Duncan en tiempos de Macbeth


Dependiendo del país, incluso de la ciudad, los equipos de las grandes ligas profesionales oscilan entre la fidelidad a los accionistas que gritan –los que pagan su entrada- y la debida a quienes, como dueños, ven los partidos desde la cuenta de resultados. Ambas son legítimas, aunque no siempre las gradas se vacían a la misma velocidad que el valor del equipo, y cuanto más voraz el mercado en que se juega –el Nueva York baloncestístico es un ejemplo perfecto- y más fiascos se coleccionan, más cuesta reconocer en la plantilla tres caras familiares de una temporada a otra.
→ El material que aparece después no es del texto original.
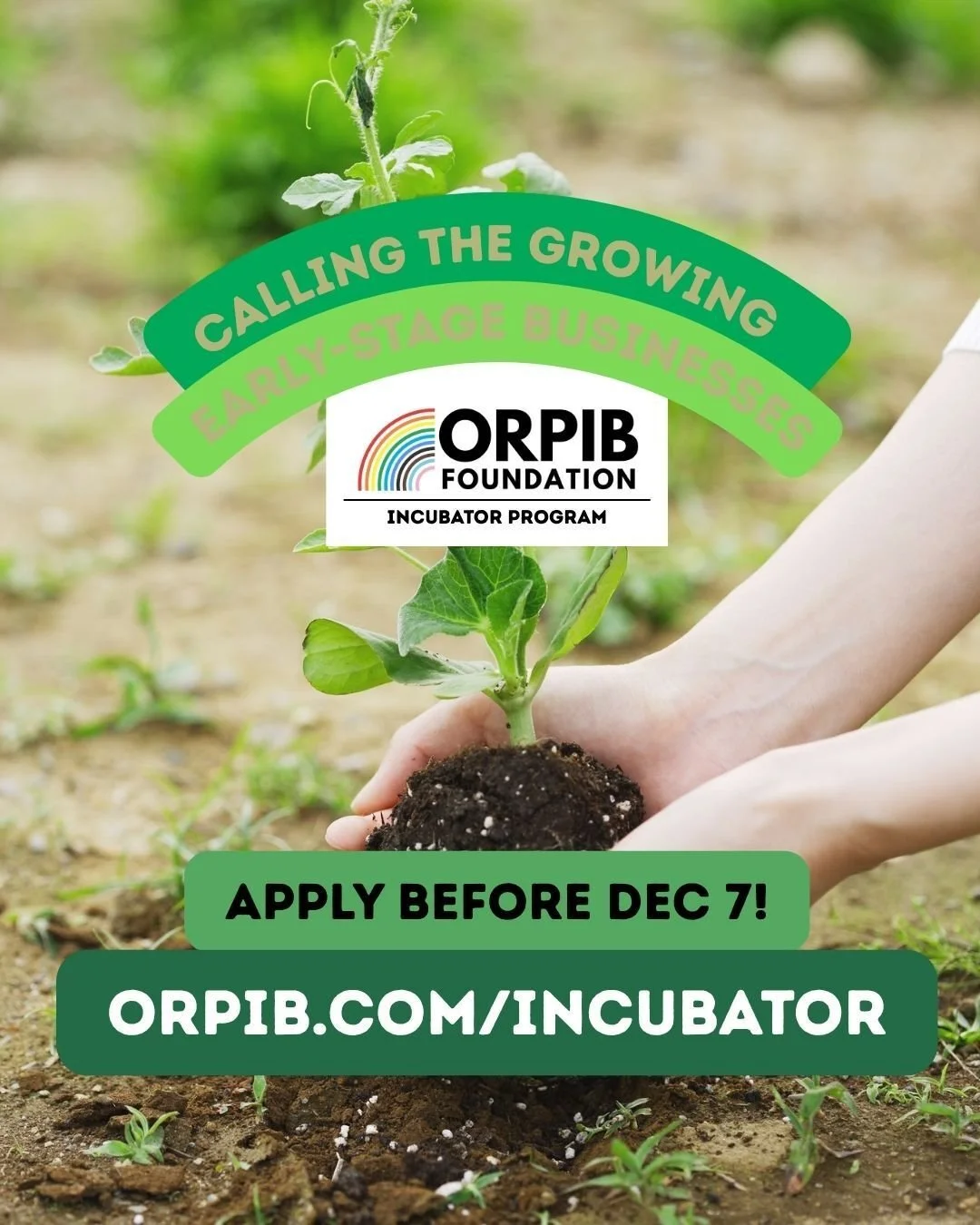 The ORPIB Foundation's 2026 Incubator program is looking for amazing humans who have a business idea that's bubbling with potential OR an existing business ready to grow. You feel deeply connected to our LGBTQIA2S+ community and want to help it thriv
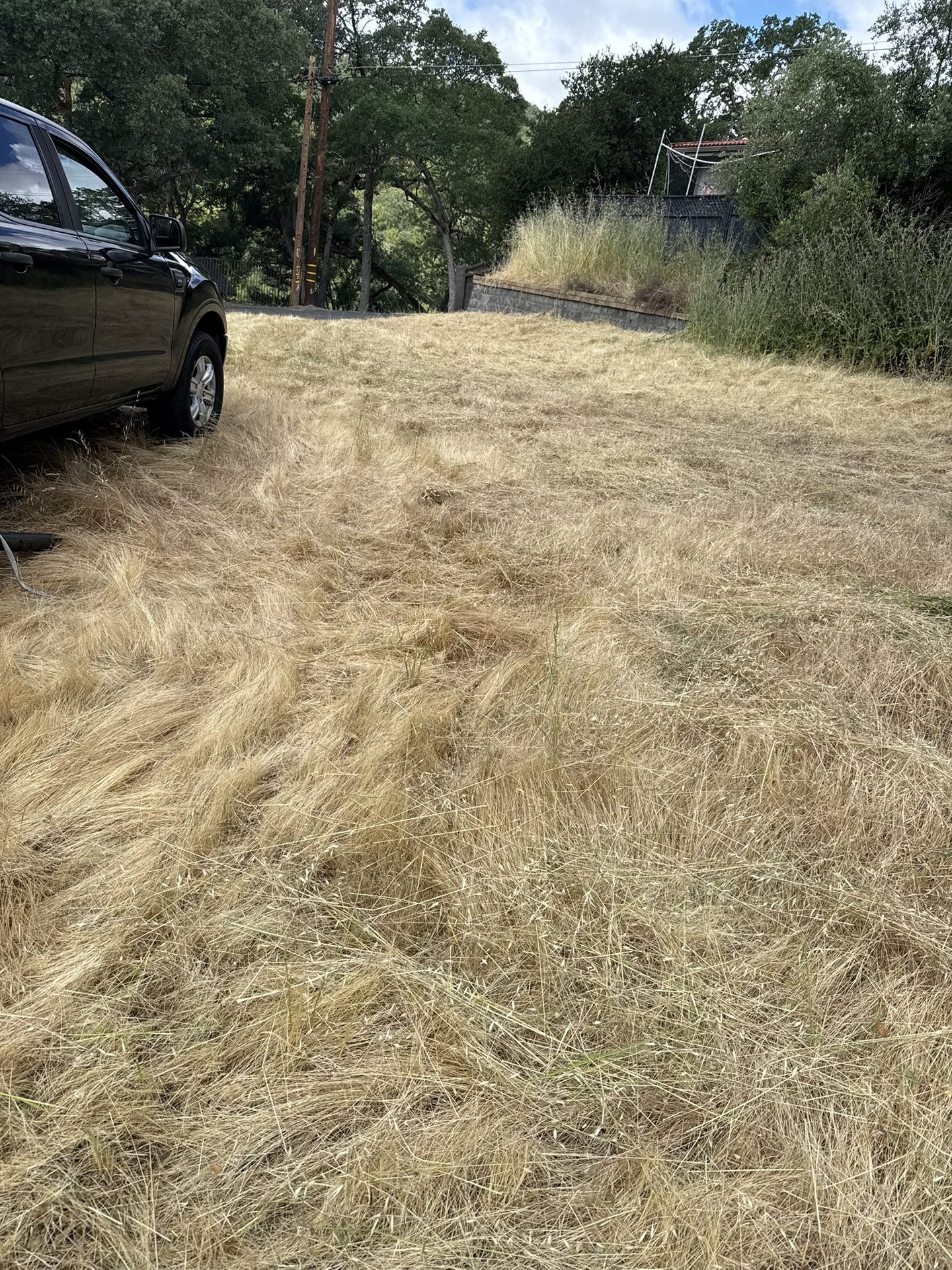 Effective Cleaning - Job Photo 65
A miles de kilómetros de una publicación de éxito masivo como Sports Illustrated, que aquí no entendería nadie, ocurre en nuestro país, donde el periodismo deportivo forofo –valga la redundancia- anima similar y no menos frecuente cirugía, y el verbo que va sajando el bisturí es entonces “limpiar”, con suerte, el más pudoroso “renovar”. En Estados Unidos, donde la invención del deporte profesional es posterior a la guerra civil y por eso se disfruta sin necesidad de la segunda, el verbo elegido para asistir a la renovación de un equipo es el más noble “reconstruir”.
Que acaso en Nueva York, en permanente post-operatorio si de los Knicks se trata, por redundante sobre, pero que halla su mejor lugar en plazas como Los Ángeles, donde Phil Jackson se jubilará en junio tras once años como entrenador; San Antonio, donde Gregg Popovich cumple su decimosexta! temporada en el mismo puesto de trabajo; o Salt Lake City, donde Jerry Sloan dejó este año idéntico cargo tras veintitrés! años. Reconstruir implica haber construido, y es sencillo ver en la pervivencia de los dos primeros solo el natural reflejo de sus logros –cinco títulos el primero, cuatro el segundo. Pero Sloan jamás ganó alguno con sus Jazz. E incluso el caso de Popovich sería en nuestro país una rareza, pues tras ganar tres títulos en cinco años, y pasar los tres siguientes sin jugar las finales, aquí habría sido despedido antes de darle la cuarta oportunidad de no lograrlo.
Todo llega, sin embargo, y San Antonio, que acabó la temporada regular con el mejor balance del año, muy probablemente acaba de ser forzado por Memphis a reconstruir el equipo que durante los últimos trece años ha tenido en su interior, como núcleo para el resto, la forma magnífica de Tim Duncan. Imaginar los Spurs sin él es casi tan irreal como… haberles visto con él. Duncan nunca pareció de este tiempo: construido a partir del músculo de la inteligencia y el del talento inmenso al servicio de un bien mayor, su consistencia ha dominado una década a la que no es ajena la forma de construirla junto a David Robinson, como no lo es ilustrar al otro gran dueño de los últimos diez años –Bryant- a la sombra de O´Neal.
Ponderado durante una larga década como el jugador al que cualquiera que empezara a jugar baloncesto debía mirar, Duncan es, paradójicamente en tiempos de la mayor audiencia jamás disfrutada por la NBA, un embajador de otra liga, una que admite a poco más que un jugador por década: Mikan, Russell, Jabbar. La lista de dominadores al servicio de una idea que no llevara, por encima de cualquier otra, su apellido, es corta pero inmortal. Mientras Le Bron James pugna por hacer duradero lo que jamás ha existido antes que él, reconstruir otro Duncan llevará lustros.